## DATA PROVIDED
[Start of section]
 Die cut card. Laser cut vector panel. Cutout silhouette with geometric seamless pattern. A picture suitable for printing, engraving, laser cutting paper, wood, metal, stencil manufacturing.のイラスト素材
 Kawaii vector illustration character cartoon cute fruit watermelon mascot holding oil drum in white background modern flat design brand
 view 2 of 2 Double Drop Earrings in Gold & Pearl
[End of section]
[Start of section]
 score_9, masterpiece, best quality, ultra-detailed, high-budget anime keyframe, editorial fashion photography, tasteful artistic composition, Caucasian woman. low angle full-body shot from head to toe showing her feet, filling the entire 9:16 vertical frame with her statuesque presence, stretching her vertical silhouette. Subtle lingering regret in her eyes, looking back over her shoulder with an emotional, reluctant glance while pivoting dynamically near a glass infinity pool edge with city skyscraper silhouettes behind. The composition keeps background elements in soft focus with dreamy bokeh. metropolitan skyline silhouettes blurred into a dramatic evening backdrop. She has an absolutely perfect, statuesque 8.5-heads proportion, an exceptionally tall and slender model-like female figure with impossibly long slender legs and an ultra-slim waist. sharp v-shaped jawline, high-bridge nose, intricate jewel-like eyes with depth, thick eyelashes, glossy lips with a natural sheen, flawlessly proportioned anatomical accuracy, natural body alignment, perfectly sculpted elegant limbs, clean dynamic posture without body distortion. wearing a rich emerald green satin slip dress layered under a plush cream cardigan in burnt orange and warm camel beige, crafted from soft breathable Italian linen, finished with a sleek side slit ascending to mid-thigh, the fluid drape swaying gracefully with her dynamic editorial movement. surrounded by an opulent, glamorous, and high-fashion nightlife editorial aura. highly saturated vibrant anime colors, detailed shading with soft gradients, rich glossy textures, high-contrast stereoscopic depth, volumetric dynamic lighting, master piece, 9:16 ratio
[End of section]
## ACTION ITEM
Where a line above holds the string "vector", show that line.

## COMPLETED EXERCISE
 Die cut card. Laser cut vector panel. Cutout silhouette with geometric seamless pattern. A picture suitable for printing, engraving, laser cutting paper, wood, metal, stencil manufacturing.のイラスト素材
 Kawaii vector illustration character cartoon cute fruit watermelon mascot holding oil drum in white background modern flat design brand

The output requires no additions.